While this might seem like an obscenely frivolous thing to spend precious time and money researching, this was done for a number of pretty good reasons. We still don’t fully understand the underlying order of what goes where in the human high-level visual cortex — whether it’s done by how the object is viewed, how big the object is, how ‘alive’ the object seems to be, or how early the memories were formed — and using Pokémon as a subject gives researchers a standard set of these parameters across a number of participants.

Obviously, Pokémon are not real, so to determine their ‘real world’ size, the researchers used a combination of the height information provided in the Pokédex and the results of a separate study in which they found participants reliably described them as being “larger than faces … but smaller than corridors“.

Participants in the study were divided into two groups: novice and experienced. Novices didn’t play any of the Pokémon games as a child.

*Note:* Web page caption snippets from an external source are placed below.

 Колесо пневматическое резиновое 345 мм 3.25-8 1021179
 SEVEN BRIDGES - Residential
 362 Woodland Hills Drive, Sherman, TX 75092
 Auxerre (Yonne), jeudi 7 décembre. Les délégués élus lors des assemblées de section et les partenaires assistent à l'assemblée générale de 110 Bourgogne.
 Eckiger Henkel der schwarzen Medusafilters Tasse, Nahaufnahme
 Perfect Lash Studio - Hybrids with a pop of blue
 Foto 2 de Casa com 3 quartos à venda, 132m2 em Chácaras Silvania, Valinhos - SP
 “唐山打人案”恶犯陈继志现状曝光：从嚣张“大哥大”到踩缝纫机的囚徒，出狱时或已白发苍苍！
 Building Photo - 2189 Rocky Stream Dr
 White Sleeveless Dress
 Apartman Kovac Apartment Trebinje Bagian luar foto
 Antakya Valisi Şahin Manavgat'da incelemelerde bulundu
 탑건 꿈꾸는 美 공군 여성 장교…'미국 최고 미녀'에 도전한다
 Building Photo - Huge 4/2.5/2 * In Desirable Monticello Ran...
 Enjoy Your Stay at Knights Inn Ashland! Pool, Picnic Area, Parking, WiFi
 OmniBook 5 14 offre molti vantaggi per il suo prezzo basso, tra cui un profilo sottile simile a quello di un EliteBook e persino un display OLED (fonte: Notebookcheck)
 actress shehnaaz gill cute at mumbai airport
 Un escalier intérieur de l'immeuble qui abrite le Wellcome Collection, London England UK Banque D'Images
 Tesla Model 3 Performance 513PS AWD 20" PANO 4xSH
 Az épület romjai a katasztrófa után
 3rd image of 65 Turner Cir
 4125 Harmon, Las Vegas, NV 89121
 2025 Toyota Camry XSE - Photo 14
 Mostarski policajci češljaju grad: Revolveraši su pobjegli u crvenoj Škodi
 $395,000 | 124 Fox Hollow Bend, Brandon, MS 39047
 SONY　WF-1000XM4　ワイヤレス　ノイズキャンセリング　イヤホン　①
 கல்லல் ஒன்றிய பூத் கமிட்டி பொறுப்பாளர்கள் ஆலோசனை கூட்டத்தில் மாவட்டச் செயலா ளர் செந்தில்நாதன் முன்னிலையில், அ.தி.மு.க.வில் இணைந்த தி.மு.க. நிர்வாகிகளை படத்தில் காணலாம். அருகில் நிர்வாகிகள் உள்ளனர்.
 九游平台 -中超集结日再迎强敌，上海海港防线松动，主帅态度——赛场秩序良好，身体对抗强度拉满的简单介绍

Experienced participants played the Game Boy game between the ages of 5 and 8, and re-engaged with the games again as an adult (they were screened by making them do a quiz where they were asked to identify Pokémon by name).

The fact that experienced participants all saw Pokémon for the first time on a Game Boy means that they were all viewed in the same fashion, specifically “at a similar (arm’s length) viewing distance, repeatedly for hours a day, over a period of years“. They were also constrained to a 2.5cm by 2.5cm viewing area and rendered in pixels with a strong linear appearance.

A study with these conditions could theoretically have been set up artificially, but making a bunch of kids do the same thing for hours a day for years then waiting until they grow up to do the study is just, well, impractical.

Participants were shown images from eight different categories (faces, animals, cartoons, bodies, words, cars, corridors, and Pokémon) and monitored with functional magnetic resonance imaging to see which parts of their brain lit up or whatever (I am not a scientist).

The result? In contrast to those demonstrated by the novices, responses from experienced participants reliably occurred in the same area, specifically the occipitotemporal sulcus.

The results lend some credence to the ‘eccentricity bias’ theory of how image recognition works, which suggests that image recognition is organised by the size of the object and which part of the vision it was seen with. Also: Pokémon!